As a part of this section, we'll explain how to create bar charts using plotnine. We'll be explaining normal bar charts, stacked bar charts, and side-by-side grouped bar charts through our simple example.

The process of creating a bar chart is exactly the same as creating any other chart with plotnine. We'll be following exactly the same steps that we have followed till now.

Plotnine provides two methods for creating bar charts.

#### Plotnine Functions to Create Bar Charts¶

1. geom_bar(data=None,mapping=None,stat='count',position='stack',\**kwargs) - This method let us create bar chart by providing only one column of data as X-axis value. It then creates a bar chart of counts of that column values because count is default statistics. We can provide other stat as well like average, mean, mediant, etc.
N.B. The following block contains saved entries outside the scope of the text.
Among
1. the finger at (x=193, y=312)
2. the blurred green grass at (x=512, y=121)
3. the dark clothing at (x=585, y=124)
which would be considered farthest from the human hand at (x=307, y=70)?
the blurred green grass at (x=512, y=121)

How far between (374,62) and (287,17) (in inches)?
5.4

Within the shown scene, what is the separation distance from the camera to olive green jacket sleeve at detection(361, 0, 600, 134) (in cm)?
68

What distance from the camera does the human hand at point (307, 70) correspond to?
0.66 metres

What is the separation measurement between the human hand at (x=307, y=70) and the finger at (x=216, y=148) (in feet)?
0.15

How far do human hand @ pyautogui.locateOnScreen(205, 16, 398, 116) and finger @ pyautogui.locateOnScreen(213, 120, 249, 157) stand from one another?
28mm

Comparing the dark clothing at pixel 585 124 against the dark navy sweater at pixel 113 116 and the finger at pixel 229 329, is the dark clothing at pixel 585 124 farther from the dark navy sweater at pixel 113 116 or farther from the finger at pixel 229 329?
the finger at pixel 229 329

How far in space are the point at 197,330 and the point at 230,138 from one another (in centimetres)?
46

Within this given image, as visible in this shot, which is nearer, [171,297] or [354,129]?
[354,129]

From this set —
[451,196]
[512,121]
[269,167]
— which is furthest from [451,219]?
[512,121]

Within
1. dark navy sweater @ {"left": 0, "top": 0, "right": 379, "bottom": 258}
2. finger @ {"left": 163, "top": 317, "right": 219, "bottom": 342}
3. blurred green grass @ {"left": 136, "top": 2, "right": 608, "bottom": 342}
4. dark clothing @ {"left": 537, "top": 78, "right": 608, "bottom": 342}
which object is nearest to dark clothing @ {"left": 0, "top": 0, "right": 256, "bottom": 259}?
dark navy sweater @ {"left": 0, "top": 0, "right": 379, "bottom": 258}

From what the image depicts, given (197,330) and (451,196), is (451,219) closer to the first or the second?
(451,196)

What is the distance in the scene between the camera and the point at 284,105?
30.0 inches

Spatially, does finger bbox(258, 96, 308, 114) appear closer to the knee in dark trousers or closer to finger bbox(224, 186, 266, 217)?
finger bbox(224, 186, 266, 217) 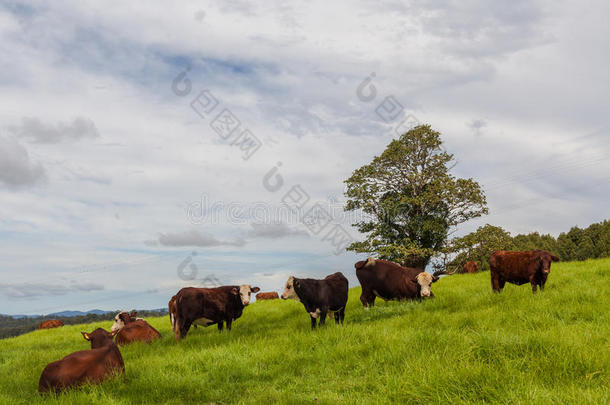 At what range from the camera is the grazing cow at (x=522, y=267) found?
12031 mm

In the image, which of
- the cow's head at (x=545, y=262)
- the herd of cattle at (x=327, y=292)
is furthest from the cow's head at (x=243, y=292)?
the cow's head at (x=545, y=262)

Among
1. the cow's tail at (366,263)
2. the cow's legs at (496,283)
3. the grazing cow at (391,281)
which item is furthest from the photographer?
the cow's tail at (366,263)

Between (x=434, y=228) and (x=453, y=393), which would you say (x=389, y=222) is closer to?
(x=434, y=228)

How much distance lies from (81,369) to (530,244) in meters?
71.1

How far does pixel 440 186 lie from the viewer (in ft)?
90.6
It does not let us specify the height of the bar explicitly.
2. geom_col(data=None,mapping=None,stat='identity',position='stack',**kwargs) - This method let us create bar chart by providing different bar X-axis values and their height as well. If we want to separately provide bar height then we should use this method.
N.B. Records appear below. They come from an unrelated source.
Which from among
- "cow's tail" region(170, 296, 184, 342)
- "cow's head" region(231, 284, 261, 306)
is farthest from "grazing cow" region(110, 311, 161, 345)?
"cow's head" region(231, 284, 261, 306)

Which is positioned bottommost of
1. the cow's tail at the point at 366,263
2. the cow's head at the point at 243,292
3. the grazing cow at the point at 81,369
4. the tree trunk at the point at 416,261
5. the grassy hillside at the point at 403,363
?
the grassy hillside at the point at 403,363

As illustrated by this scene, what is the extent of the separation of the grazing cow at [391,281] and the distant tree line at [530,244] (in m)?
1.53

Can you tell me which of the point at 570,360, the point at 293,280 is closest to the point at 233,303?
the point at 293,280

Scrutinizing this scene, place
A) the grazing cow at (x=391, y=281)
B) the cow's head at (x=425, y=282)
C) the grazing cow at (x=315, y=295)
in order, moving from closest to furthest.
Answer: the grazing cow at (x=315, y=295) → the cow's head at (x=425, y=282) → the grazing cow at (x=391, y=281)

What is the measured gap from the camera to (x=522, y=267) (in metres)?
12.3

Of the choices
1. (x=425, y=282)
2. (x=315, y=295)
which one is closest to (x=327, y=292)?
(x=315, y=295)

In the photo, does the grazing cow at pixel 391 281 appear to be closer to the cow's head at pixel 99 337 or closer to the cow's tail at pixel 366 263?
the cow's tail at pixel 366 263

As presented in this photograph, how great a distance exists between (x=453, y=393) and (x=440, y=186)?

Below we have created our first bar chart which shows a count of models per manufacturer.

We have as usual created a chart first with our dataset and mapping.

For mapping, we have provided only one column name manufacturer to the x-axis. We have then created bars using geom_bar() method. We have then defined labels using labs() and theme details using theme() methods.

At last, we have summed up individual chart components to create a full bar chart.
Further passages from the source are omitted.